The common water-borne bug that causes Legionnaire’s disease should not be able to infect people, according to Bath University researchers speaking today at the bi-annual meeting of the Society for General Microbiology at the University of East Anglia, UK.

"According to normal evolutionary theories, Legionella pneumophila bacteria should never have learned how to cause diseases in humans, since it has no natural animal host," says Prof.

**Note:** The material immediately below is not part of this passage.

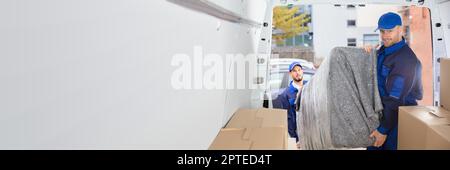 Happy Movers Entladen Möbel Aus Lkw. Mover-Service Stockfoto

Michael Brown of the Department of Pharmacy and Pharmacology at Bath University, UK. "Basically the bug is mistaking us for amoebae, and invading us one cell at a time."

The widespread water-loving bacteria can cause two diseases: either mild Pontiac fever, or a much more serious type of pneumonia called Legionnaires' disease, which kills about one in eight people infected, but can kill up to half of them.

The behavior of the Legionella bacteria depends upon how they grow. The Bath researchers found that the bacterium develops into a very different organism depending upon whether it is simply living freely in water, or as a biofilm (similar to the slime that forms down plugholes), or whether it has invaded and is living inside a simple single-celled creature such as an amoeba.

Each method of growth affects the ability of Legionella to cause disease and resist antibiotic drug treatments.

"We have found that typical laboratory methods of growing Legionella produce the less dangerous form of the bacterium, whereas growing Legionella inside amoebae produces a more aggressive strain similar to those that cause us lung disease and which are more resistant to antibiotics," said Professor Brown.

"Over the course of evolution, Legionella interacted with simple environmental organisms. It learned how to invade and destroy amoebae, and it uses the same abilities to invade and destroy human tissues, especially human lung cells," he added.

"We think that many other species of disease-causing bacteria learnt their tricks during billions of years of evolution alongside simple environmental organisms such as amoebae," says Professor Brown. "Indeed, amoebae can act as environmental reservoirs of various kinds of germs, including bovine tuberculosis.

"By studying the way these bacteria have evolved we will be able to understand some of their abilities to cause human and animal diseases, and perhaps start to work out ways of eliminating them from hospitals, hotels and other places."